In Chinatown, Shang and Leiko are enjoying a visit to a used bookstore; so the issue opens with the parable they had read. They don't have much time to dwell on it, as they are soon reunited with their old friend, Black Jack Tarr! Who needs help rescuing a girl from a cult, the Dawning Light. Shang had been around enough by that point to guess Tarr wasn't doing this out of the kindness of his heart: the girl had stolen "tradecraft," papers from the Ministry of Defense. Something was up with the Dawning Light...The magenta robes aren't particularly threatening, although I'd write that off as an artifact of comic book coloring and printing. (White robes would show images from the other side of the page, right?

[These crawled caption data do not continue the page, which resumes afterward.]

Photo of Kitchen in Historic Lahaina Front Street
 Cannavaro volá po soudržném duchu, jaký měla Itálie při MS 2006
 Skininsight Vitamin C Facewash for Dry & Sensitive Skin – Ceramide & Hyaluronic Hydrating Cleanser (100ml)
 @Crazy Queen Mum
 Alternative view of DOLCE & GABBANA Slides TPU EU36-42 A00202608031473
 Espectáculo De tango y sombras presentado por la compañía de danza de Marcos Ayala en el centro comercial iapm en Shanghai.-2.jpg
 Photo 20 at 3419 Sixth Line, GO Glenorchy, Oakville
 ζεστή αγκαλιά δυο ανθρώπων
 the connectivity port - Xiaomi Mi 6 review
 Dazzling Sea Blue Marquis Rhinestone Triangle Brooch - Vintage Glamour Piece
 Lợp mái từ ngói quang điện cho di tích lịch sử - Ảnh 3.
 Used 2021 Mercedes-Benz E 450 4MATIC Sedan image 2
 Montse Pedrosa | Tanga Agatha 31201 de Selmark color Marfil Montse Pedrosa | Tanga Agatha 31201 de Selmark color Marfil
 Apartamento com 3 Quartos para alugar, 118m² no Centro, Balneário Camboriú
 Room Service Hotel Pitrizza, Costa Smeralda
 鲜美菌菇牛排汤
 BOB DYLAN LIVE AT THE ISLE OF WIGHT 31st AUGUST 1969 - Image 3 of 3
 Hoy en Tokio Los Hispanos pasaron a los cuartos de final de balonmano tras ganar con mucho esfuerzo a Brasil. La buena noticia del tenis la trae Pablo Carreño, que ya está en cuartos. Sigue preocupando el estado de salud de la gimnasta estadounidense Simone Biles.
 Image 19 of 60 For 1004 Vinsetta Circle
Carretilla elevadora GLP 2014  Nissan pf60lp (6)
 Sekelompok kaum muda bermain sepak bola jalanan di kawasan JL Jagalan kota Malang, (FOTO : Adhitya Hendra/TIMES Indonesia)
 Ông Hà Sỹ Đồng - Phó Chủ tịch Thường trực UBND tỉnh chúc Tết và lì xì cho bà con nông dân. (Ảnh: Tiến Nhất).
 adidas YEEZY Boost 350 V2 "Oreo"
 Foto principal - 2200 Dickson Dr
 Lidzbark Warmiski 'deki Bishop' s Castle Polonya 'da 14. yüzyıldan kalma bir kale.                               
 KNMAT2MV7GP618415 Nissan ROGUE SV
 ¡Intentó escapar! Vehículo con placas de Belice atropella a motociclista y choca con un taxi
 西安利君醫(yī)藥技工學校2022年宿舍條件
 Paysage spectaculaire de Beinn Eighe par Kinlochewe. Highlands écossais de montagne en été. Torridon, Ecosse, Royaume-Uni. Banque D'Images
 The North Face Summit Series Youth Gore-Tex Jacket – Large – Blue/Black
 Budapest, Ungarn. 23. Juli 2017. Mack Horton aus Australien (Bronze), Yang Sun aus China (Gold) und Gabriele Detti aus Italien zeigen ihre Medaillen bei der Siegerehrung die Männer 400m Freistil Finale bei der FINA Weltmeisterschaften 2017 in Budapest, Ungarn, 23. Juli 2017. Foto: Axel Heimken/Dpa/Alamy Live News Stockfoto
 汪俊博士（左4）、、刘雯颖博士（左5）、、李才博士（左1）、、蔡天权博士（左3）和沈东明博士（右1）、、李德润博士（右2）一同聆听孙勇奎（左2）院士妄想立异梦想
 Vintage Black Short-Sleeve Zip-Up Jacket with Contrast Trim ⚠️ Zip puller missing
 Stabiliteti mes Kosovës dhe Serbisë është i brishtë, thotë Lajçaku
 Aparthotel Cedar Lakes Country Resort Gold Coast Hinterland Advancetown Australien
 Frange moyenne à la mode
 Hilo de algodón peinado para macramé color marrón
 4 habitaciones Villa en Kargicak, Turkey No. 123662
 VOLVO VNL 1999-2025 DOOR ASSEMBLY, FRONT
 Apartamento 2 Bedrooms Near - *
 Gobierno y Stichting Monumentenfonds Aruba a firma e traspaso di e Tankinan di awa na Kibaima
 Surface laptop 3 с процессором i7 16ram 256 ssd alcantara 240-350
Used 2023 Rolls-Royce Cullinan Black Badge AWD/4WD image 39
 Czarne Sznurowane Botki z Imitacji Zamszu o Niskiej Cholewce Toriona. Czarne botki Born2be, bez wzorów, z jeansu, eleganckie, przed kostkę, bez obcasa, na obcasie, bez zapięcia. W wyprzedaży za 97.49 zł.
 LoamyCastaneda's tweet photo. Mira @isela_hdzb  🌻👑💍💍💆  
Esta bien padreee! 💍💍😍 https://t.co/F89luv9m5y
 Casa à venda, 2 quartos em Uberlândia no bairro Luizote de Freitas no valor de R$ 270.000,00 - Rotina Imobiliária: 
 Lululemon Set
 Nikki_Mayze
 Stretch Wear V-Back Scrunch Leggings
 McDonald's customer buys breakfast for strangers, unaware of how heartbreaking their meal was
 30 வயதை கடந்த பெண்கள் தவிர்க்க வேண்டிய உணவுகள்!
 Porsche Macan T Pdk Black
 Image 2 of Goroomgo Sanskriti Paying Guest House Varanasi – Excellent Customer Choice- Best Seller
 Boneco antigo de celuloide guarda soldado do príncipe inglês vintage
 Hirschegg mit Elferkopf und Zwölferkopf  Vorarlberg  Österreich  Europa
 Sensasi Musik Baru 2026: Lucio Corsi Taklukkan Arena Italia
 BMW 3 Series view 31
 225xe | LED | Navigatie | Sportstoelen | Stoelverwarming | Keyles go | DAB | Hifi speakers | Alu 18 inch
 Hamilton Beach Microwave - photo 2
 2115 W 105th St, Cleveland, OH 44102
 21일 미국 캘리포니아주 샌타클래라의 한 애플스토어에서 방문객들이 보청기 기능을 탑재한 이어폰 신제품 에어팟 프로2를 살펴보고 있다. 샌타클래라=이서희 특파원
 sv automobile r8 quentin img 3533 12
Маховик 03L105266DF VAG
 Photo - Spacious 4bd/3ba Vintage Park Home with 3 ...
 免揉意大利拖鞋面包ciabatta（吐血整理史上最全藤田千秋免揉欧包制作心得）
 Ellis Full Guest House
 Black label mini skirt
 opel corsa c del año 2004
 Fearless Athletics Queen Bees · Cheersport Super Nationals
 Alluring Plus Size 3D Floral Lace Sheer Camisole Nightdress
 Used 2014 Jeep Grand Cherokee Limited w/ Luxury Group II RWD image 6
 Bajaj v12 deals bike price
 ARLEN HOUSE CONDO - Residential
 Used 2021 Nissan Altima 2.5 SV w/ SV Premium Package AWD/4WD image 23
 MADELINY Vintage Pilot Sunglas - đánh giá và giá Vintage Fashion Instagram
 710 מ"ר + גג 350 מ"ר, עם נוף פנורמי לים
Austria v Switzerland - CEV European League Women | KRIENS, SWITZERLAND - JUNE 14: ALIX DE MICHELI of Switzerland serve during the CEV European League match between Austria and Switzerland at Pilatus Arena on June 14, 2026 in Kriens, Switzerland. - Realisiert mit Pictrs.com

And black robes would be a mess.)
The girl, Mandy Greville, is rescued in fairly short order, but is profoundly ungrateful: it's not yet clear if she was brainwashed, or a "true believer." Even though Tarr had known her since she was a child, she still promises to kill him...Until looking this up in the GCD, I didn't realize this was a three-part story. I'm guessing Mandy doesn't succeed, though.
I always associate this book with a lot of captions; I wonder if that could carry into a film version? Like, Shang's narration never stops, fight scene or no...
Shang-Chi over Iron Fist, any day. I don't care how close he and Luke Cage are, Master of Kung-Fu is better.